We begin with the quadratic potential

$$ V(x)=\frac{1}{2}m\omega^2x^2 $$

Substituting this into the time-independent Schrödinger equation gives

$$ -\frac{\hbar^2}{2m}\frac{d^2\psi}{dx^2} + \frac{1}{2}m\omega^2x^2\psi = E\psi $$

It is useful to first nondimensionalize the equation so that the essential structure becomes clearer. Since $ [\omega]= s^{-1} $, we have

$$ [m\omega^2x^2] = \mathrm{kg\,m^2\,s^{-2}} = \mathrm{J} $$

and therefore the dimensions match those of energy. Also,

$$ [E] = \left[ \frac{\hbar^2}{ma^2} \right] $$

where $ a $ is a length scale.

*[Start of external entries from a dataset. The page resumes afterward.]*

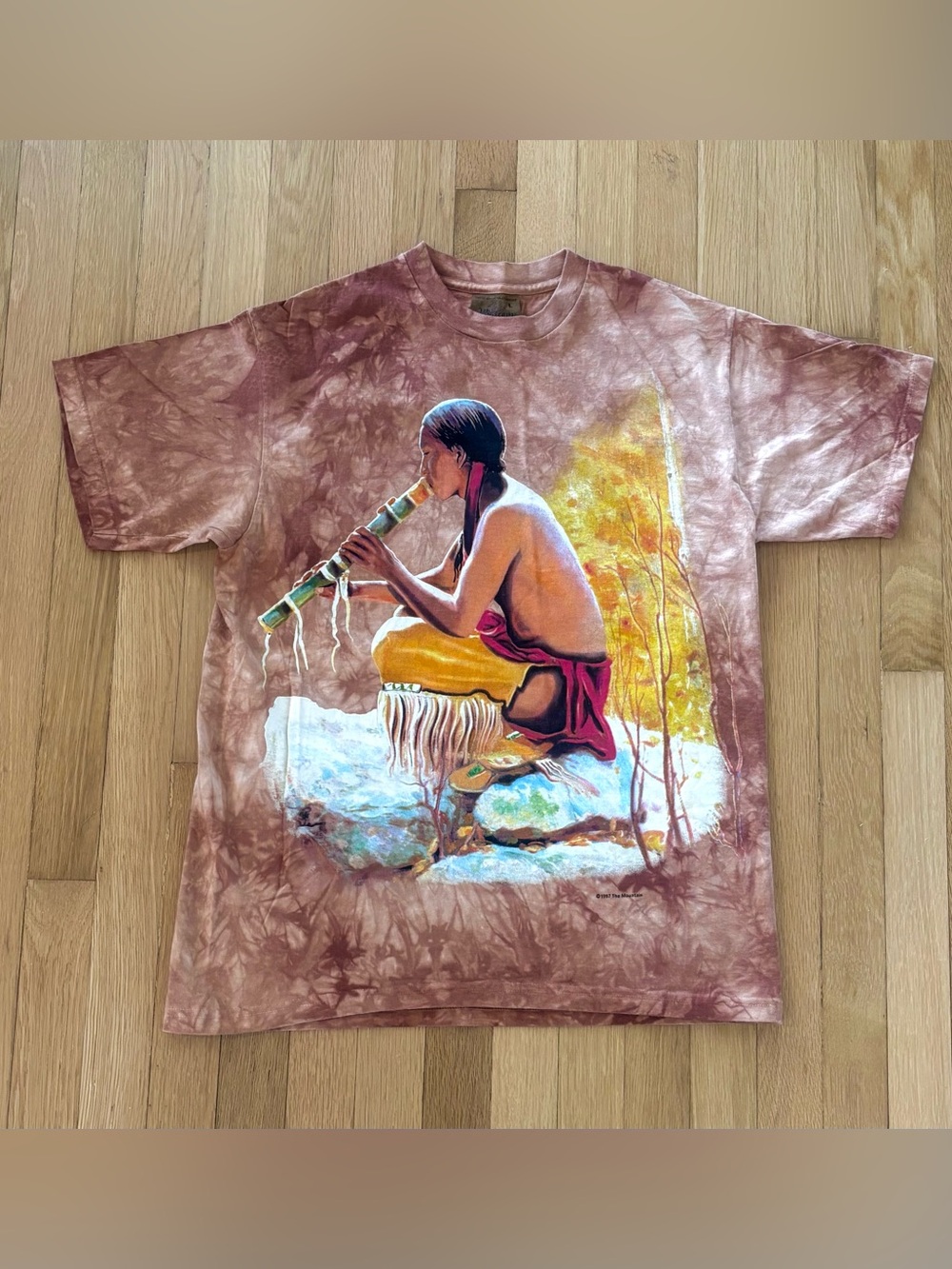 Vintage 1997 The Mountain Native American Flute Player T Shirt L Leather Tag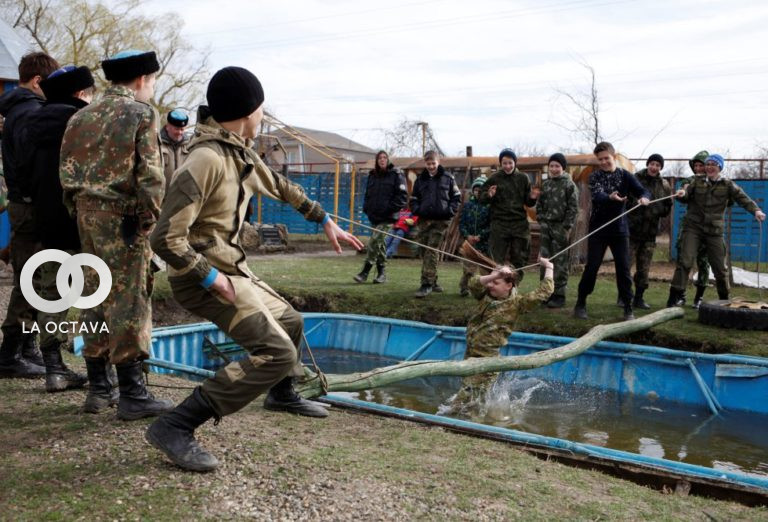 Entrenamiento militar para los niños rusos.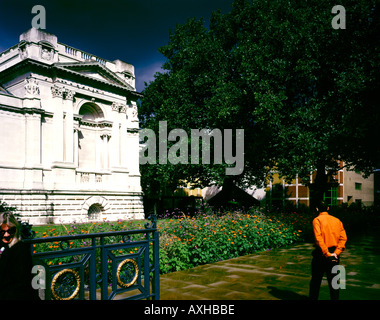 GARDENS TATE BRITAIN Stock Photo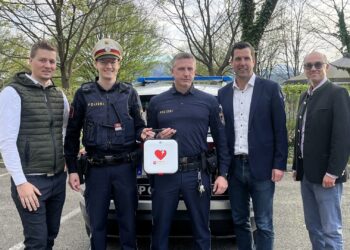 Defi für die Stadtpolizei – Streifenwagen aufgerüstet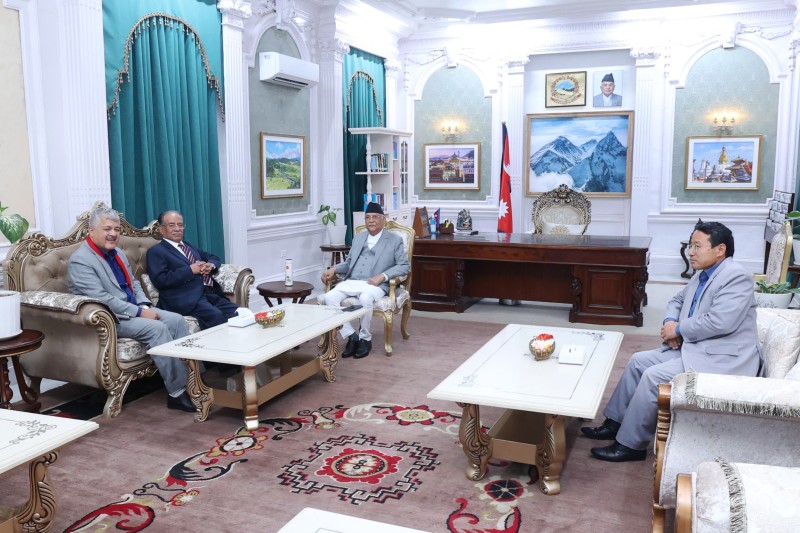 टिआरसीवारे छलफल गर्न सिंहदरबारमा प्रधानमन्त्री भेटन पुगे प्रचण्ड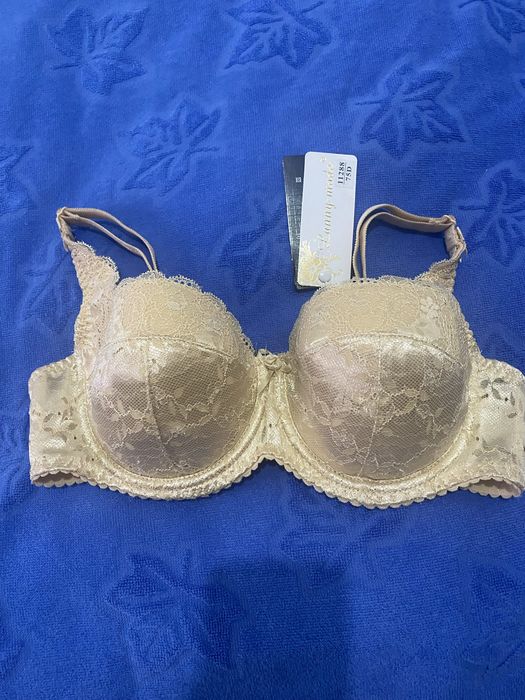 Продается бюстгалтер 75D lanny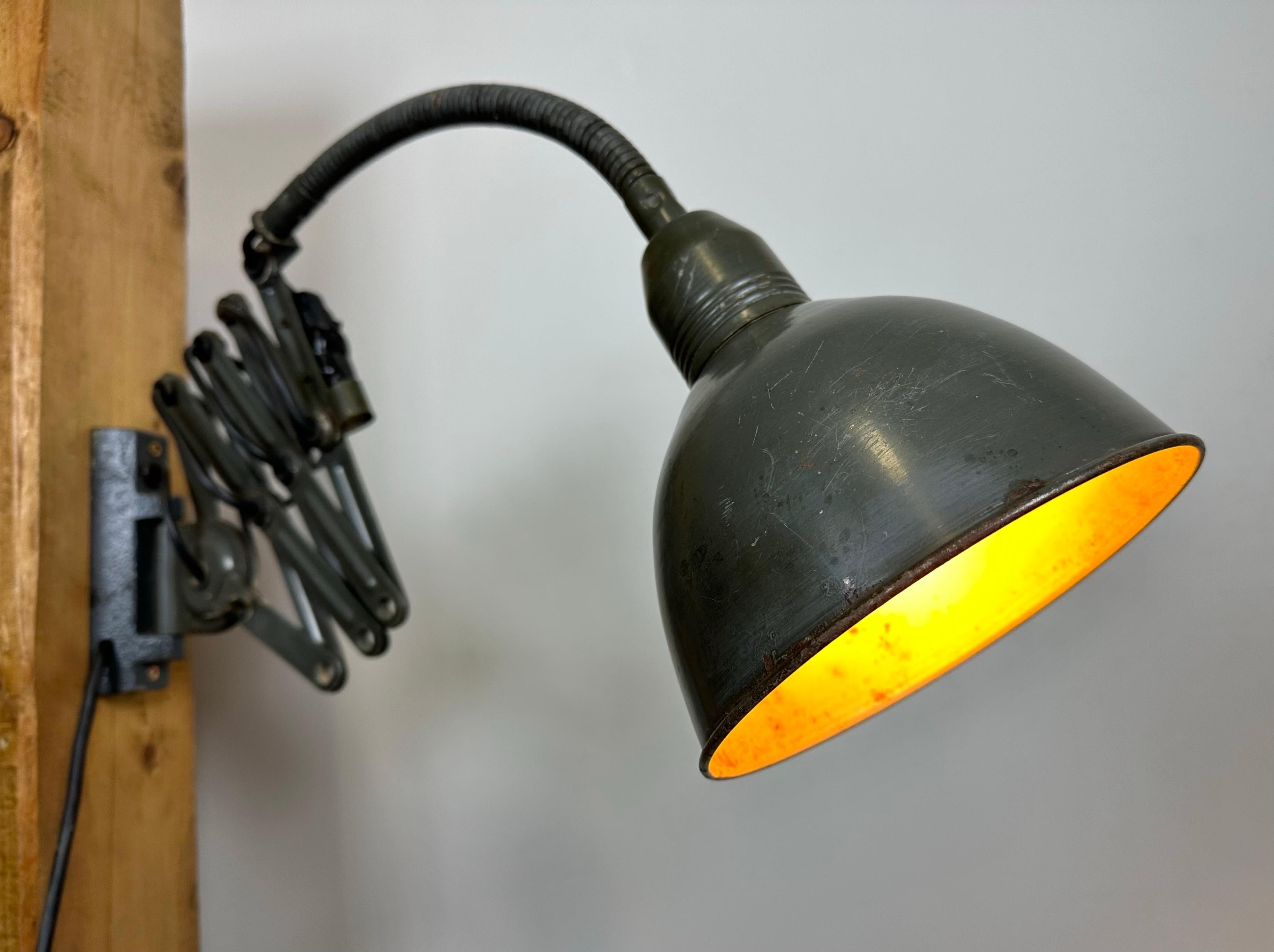Grey Industrial Scissor Wall Lamp from Elektroinstala, 1960s For Sale 7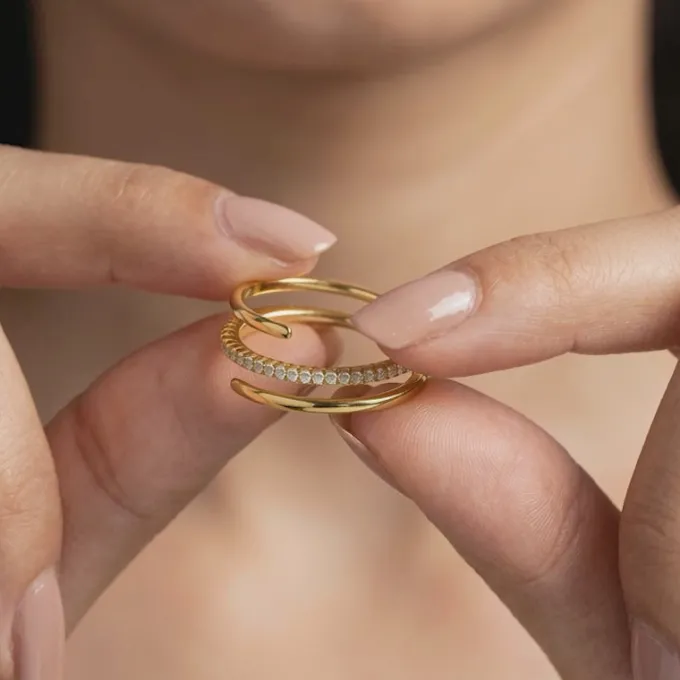 Golden Radiant Divide Ring (Size 12)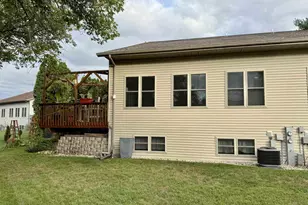 411 David Cir, Arena, WI 53503 - Photo 7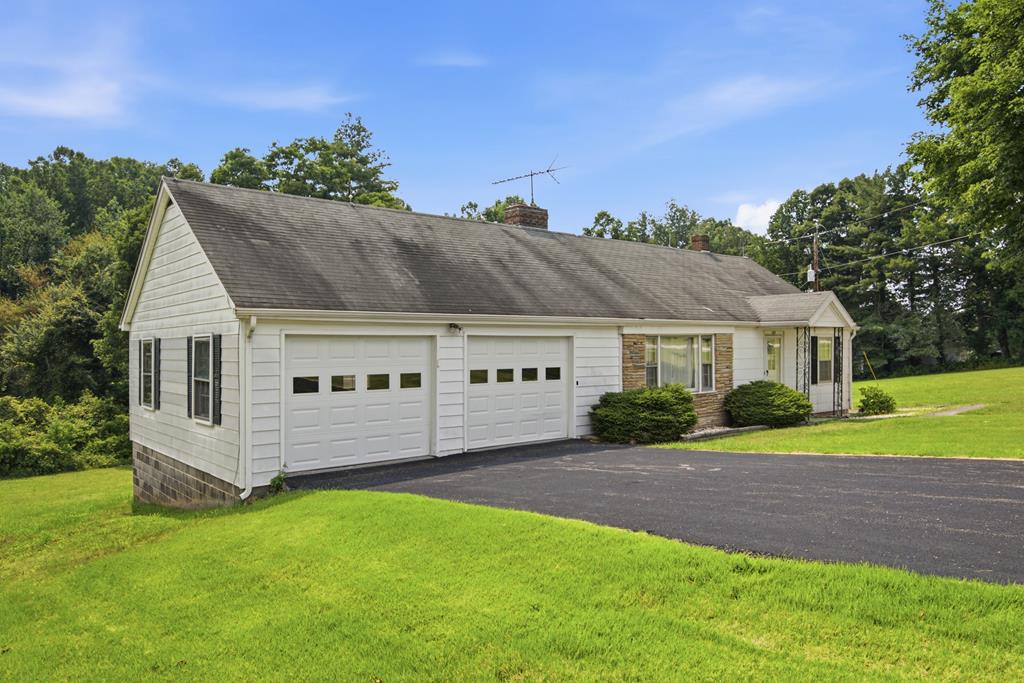 Photo of 502 Alum Ridge Rd, Willis, VA 24380 (MLS # 111357)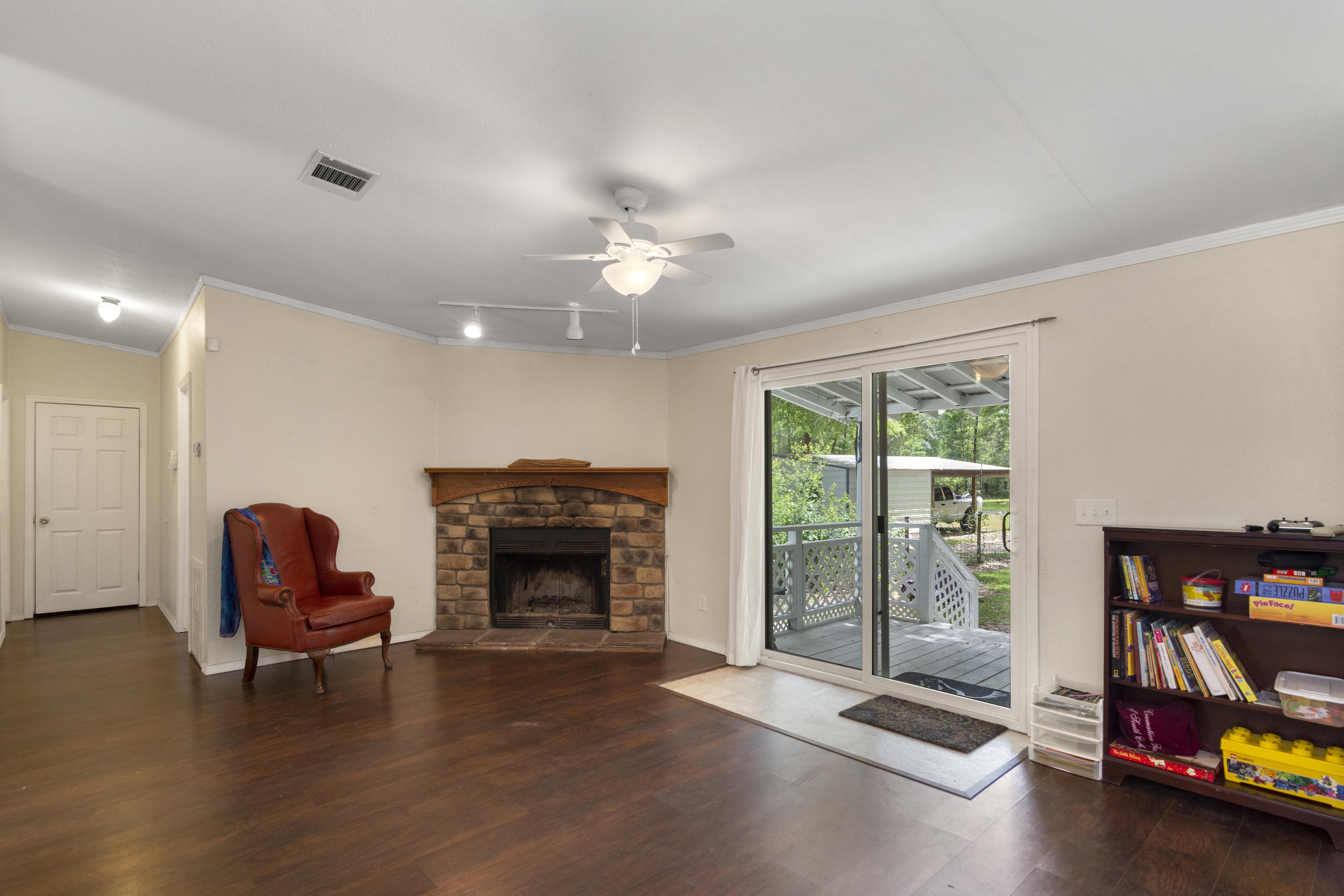 5564 Kervin Road Crestview, FL 32539 - Photo 11 of 45 Gallery Image 11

Equating the characteristic energy scales,

$$ \frac{\hbar^2}{ma^2} \sim m\omega^2a^2 $$

gives

$$ a^4 = \frac{\hbar^2}{m^2\omega^2} $$

and therefore

$$ a^2 = \frac{\hbar}{m\omega} $$

Multiply the eigenvalue equation by $ \displaystyle \frac{2}{\hbar\omega} $

$$ -\frac{\hbar}{m\omega}\frac{d^2\psi}{dx^2} + \frac{m\omega}{\hbar}x^2\psi = \frac{2E}{\hbar\omega}\psi $$

Define the dimensionless energy parameter

$$ \varepsilon = \frac{2E}{\hbar\omega} $$

and introduce the dimensionless variable

$$ u = \frac{x}{a} $$

Then

$$ \frac{d}{dx} = \frac{1}{a}\frac{d}{du} $$ $$ \frac{d^2}{dx^2} = \frac{1}{a^2}\frac{d^2}{du^2} $$

Substituting into the Schrödinger equation gives

$$ -\frac{d^2\psi}{du^2} + u^2\psi = \varepsilon\psi $$

To understand the asymptotic behaviour, consider the limit $ u\to\infty $. In this regime, the $ u^2\psi $ term dominates and we obtain approximately

$$ \psi'' = u^2\psi $$

whose solutions behave like

$$ \psi(u) = c_1e^{-u^2/2} + c_2e^{u^2/2} $$

The second term is not normalizable since it diverges exponentially as $ |u|\to\infty $. Therefore physically acceptable solutions must behave asymptotically like a Gaussian decay.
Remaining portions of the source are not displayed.